Now leave the terminal instance running. 

Congratulations, you are now hosting an instance of a closed source LLM!

## **OntoGPT Setup**

## ⚙️ **OntoGPT Setup for This Hackathon**

You **do not need to install OntoGPT manually** — it is already pre-installed inside the Aptainer (Singularity) container environment provided for this hackathon.

However, in order to run the `ontogpt` command from anywhere in your terminal or notebooks, you need to **bind the local `bin` directory (where OntoGPT lives inside the container) to your `$PATH`**.

### 🔧 Step: Add OntoGPT to Your `$PATH`

Inside your shell or script that runs the container, make sure to bind the container's `/usr/local/bin` (or equivalent install path) like this:

In [1]:
%env PATH=../.local/bin:$PATH

env: PATH=../.local/bin:$PATH


Next, test that OntoGPT works as expected:

In [2]:
!ontogpt extract --help

Usage: ontogpt extract [OPTIONS]

  Extract knowledge from text guided by schema, using SPIRES engine.

  Example:

      ontogpt extract -t gocam.GoCamAnnotations -i gocam-27929086.txt

  The input argument may be:     A file path,     A directory,     or a
  string. Use the -i/--input-file option followed by the path to the input
  file or directory. If the input is a directory, all files with the .txt
  extension will be read. This is not recursive. Otherwise, the input is
  assumed to be a string to be read as input.

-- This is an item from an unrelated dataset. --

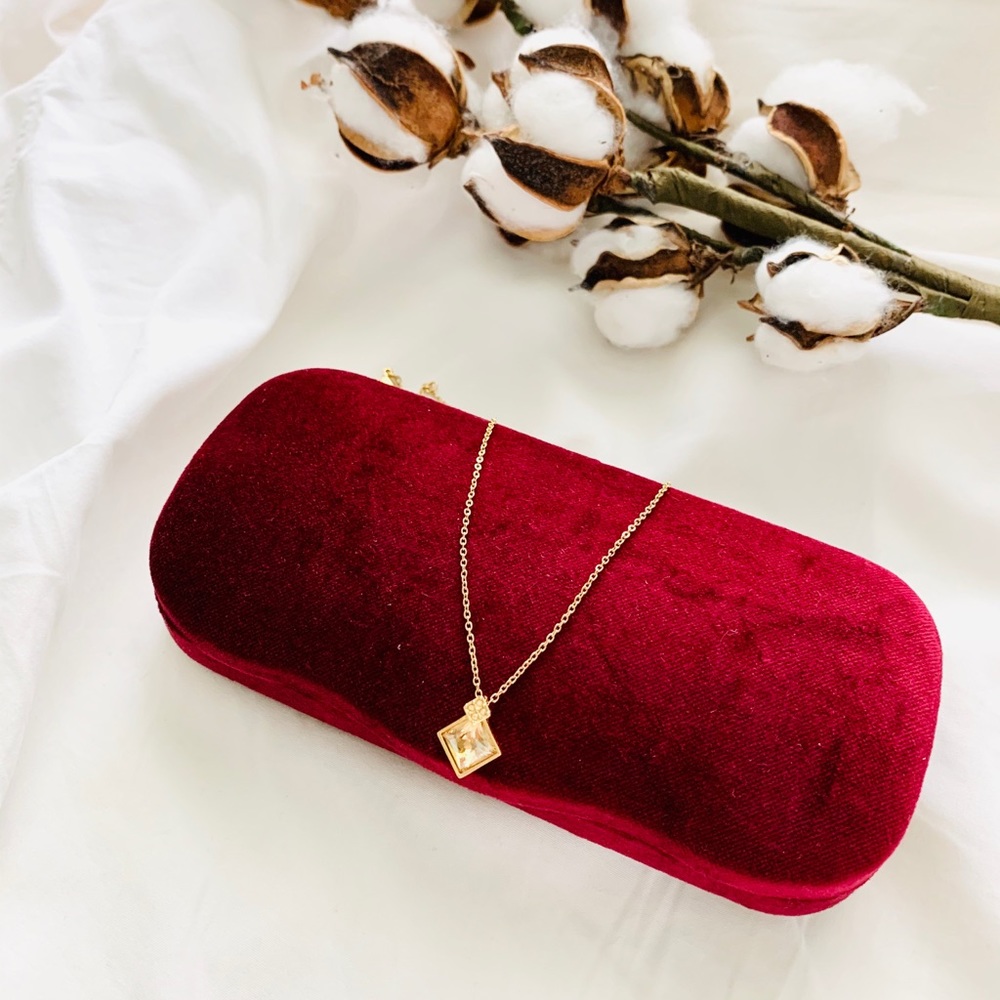 Swarovski Solitaire golden tone necklace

  You can also use fragments of existing schemas, use the --target-class
  option (-T) to specify an alternative Container/root class.

  Example:

      ontogpt extract -t gocam.GoCamAnnotations -T GeneOrganismRelationship
      "the mouse Shh gene"

Options:
  -i, --inputfile TEXT            Path to a file containing input text.
  -t, --template TEXT             Template to use. This may be the name of a
                                  predefined template or a pat

You can now test OntoGPT with Ollama's instance of gemma.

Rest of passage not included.